Fae Ellington has thrown the sharpest cultural challenge yet at the revived Hill & Gully riddim, saying the project crosses a line when a 19th-century Jamaican folk song is turned into a vehicle for crude language. The veteran broadcaster and cultural commentator framed the dispute as more than a taste argument: for her, it is about respect, heritage and responsibility, especially when a tune rooted in mento and folk memory is being pushed into sexually explicit dancehall territory.

Stephen “Di Genius” McGregor revived the riddim in late April, and the conversation moved quickly because of the names attached to it. The first release was Masicka’s Slip and Slide, which came out on Friday, April 25, 2026. The broader project has since been listed with tracks from Valiant, Elephant Man, Govana, Skippa, Nigy Boy, Red Rat, Mr. G, Vershon, Papa Jack and Di Genius, making this a full dancehall compilation rather than a one-off experiment.
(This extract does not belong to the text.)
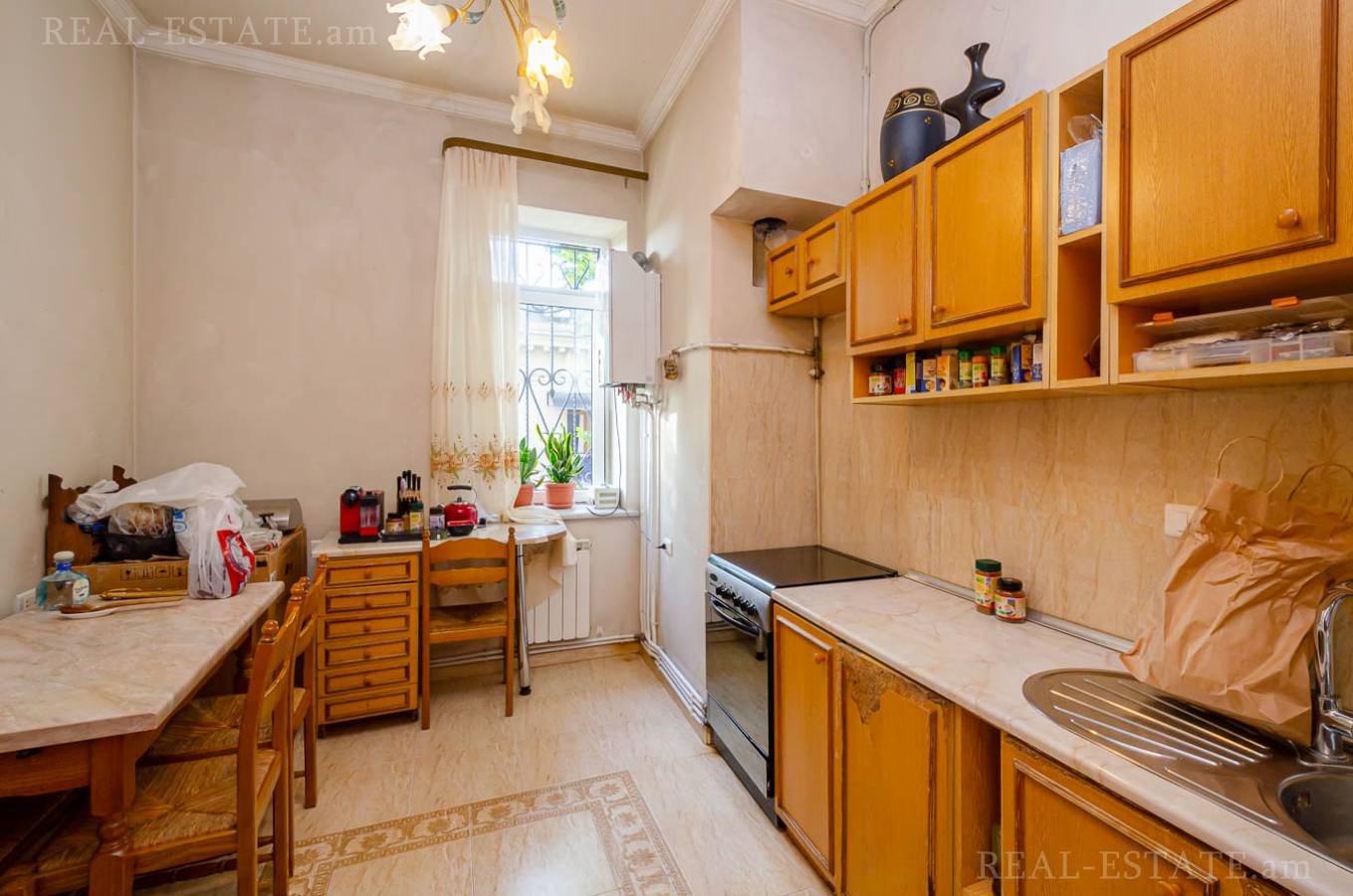 3 սենյականոց բնակարան  Մոսկովյան փող, Կենտրոն Երևան, 141099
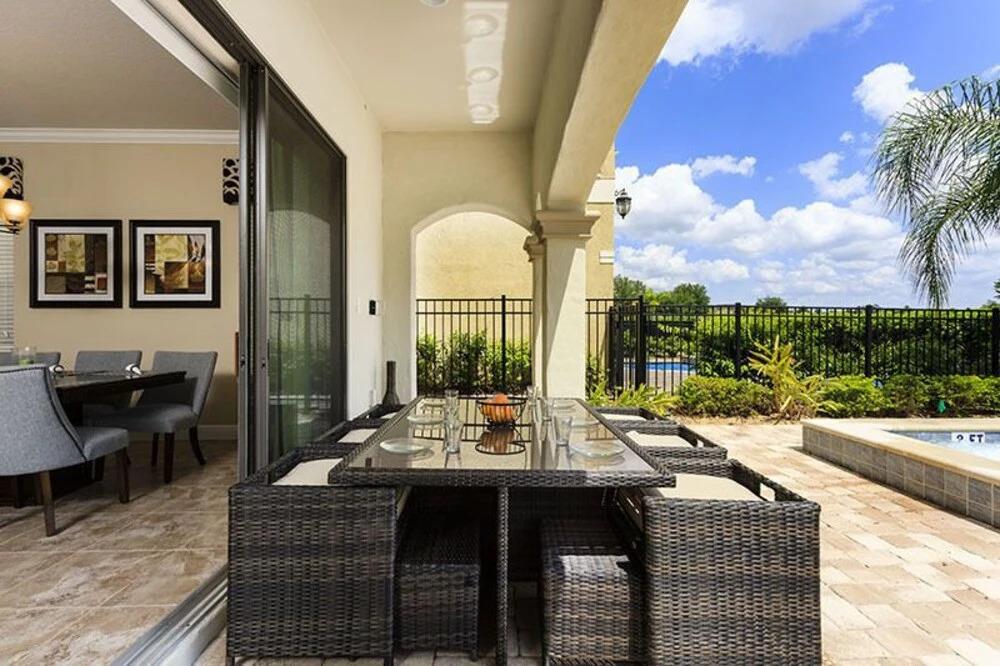 845dm 5 Bedroom Villa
Ellington did not dismiss McGregor’s concept; instead, she said the deeper problem was the way some of the new songs leaned into vulgarity and slackness on top of a melody with real cultural weight.

McGregor said he wanted to “tap into Jamaican culture on a deeper level,” adding that he thought “no one really went into mento” and that he wanted to merge that older world with newer artistes to “reintroduce that part of the culture.” That intent has won him credit from Ellington and others who see value in reviving forgotten material. But the backlash has focused on what happens after the revival: if the foundation is a folk song many Jamaicans know as a work song, longtime listeners say the question becomes whether the new verses honor the source or flatten it into shock value.

AI-generated illustration
AI-generated illustration

Hill and Gully Rider sits deep in the archive. Music-reference sources describe it as a Jamaican folk song, and one account says it may have started as a game played by men and boys in western Maroon towns. Mento itself is widely traced to the 19th century, blending African and European traditions. Historical recordings of Hill and Gully Ride, including a Lord Composer and Silver Seas Hotel Orchestra version, helped keep the tune in circulation, and two versions later became theme music for the Jamaican TV series Hill An’ Gully Ride.

That history is why this argument has landed so hard. Some sources say the riddim draws on The Jolly Boys’ cover of Hill & Gully Ride as the base for the dancehall versions, which makes the lyrical choices feel even more charged to cultural guardians. Ellington’s public criticism, delivered on her YouTube channel, has turned a hot riddim cycle into a wider debate over who gets to decide when renewal becomes disrespect, and whether Jamaica’s folk heritage can be reworked for the dancehall without losing its soul.